**TASK PROMPT:**
Transcribe exactly the line that contains "Sewing Hope: How" and every line after it through the end of the records, with nothing else.

**EXTRACTED MATERIAL:**

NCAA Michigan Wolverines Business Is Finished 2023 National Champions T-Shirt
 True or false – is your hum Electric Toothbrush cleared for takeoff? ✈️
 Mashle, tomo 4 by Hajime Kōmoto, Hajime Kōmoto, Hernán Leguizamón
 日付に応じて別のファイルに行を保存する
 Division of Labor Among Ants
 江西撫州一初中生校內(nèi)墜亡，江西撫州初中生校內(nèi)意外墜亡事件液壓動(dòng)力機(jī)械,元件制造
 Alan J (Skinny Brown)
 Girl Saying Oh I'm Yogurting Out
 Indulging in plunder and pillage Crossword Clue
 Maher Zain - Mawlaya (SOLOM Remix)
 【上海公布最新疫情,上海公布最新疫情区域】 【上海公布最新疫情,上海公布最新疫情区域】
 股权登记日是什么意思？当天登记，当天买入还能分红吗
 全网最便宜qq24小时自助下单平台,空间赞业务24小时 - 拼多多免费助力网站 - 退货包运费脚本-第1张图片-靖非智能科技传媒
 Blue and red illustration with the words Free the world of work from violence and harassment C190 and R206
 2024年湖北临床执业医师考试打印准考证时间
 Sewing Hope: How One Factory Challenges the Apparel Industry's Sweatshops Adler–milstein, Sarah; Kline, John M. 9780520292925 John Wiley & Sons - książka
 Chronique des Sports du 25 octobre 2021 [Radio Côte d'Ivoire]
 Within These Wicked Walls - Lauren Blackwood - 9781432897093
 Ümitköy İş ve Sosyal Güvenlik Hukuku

**EXPECTED ANSWER:**
 Sewing Hope: How One Factory Challenges the Apparel Industry's Sweatshops Adler–milstein, Sarah; Kline, John M. 9780520292925 John Wiley & Sons - książka
 Chronique des Sports du 25 octobre 2021 [Radio Côte d'Ivoire]
 Within These Wicked Walls - Lauren Blackwood - 9781432897093
 Ümitköy İş ve Sosyal Güvenlik Hukuku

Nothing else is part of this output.